Indeed, the conference is crucial and relevant at this time when our country and our people are suffering from unprecedented corruption and alarming violations of human rights. A 2008 World Bank Study shows that our country’s effort to control corruption worsened from 45 percent in 1996 during the term of President Fidel V. Ramos to only 22 percent in 2007 during the incumbency of President Gloria Macapagal-Arroyo. We edged out Indonesia for the dubious title of being the most corrupt nation in East Asia.

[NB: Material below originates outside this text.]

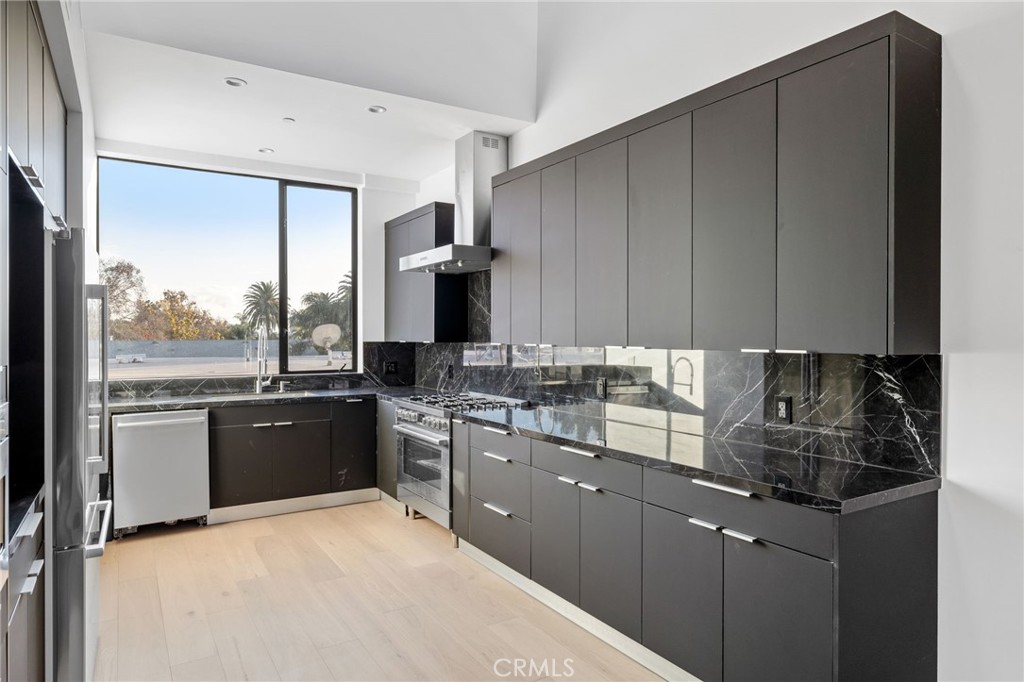 528 North Flores St Unit 103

For many years, the World Bank treated Indonesia as the corruption basket case in our region. Three and half years ago, on August 25, 2005, Anthony Gerald Toft, the World Bank’s then chief counsel for East Asia and the Pacific grieved – during a special lecture sponsored by our Supreme Court – that corruption had mutated the Indonesian judiciary from being an agency that held political authorities accountable for their excesses to an “instrument for the pro-forma validation of (their) actions.” I wonder what the World Bank says of us now that the Philippines had replaced Indonesia as the most corrupt country is East Asia.

That World Bank report validates earlier studies showing that corruption in our country has worsened. The German-based, global corruption watchdog Transparency International (TI) – represented here by our co-convenor, Judge Dolores L. Español – downgraded the Philippines from its ranking as the 121st most corrupt country in 2006 to 131st in 2007 to 141st in 2008, well below that of Mongolia (102), Nigeria (115) Ethiopia and Indonesia (both tied at 126). Somalia, the notorious home of pirates in Africa, was rated the most corrupt at the 180th place.

Most Corrupt In History

The World Bank and TI perceive the Philippines as the most graft ridden in East Asia and among the worst in the world. More tellingly, our own people regard the Arroyo administration as the most corrupt in our history. To the question: “In your opinion, under which administration has there been the most intense allegation of corruption?” a Pulse Asia face-to-face survey conducted on October 30-31, 2007 revealed the following replies in percentages: Arroyo administration, 45 percent; Marcos, 31 percent; Estrada, 14 percent; Ramos, 7 percent; Aquino, 1 percent; and none, refused to answer/can’t say, 1 percent.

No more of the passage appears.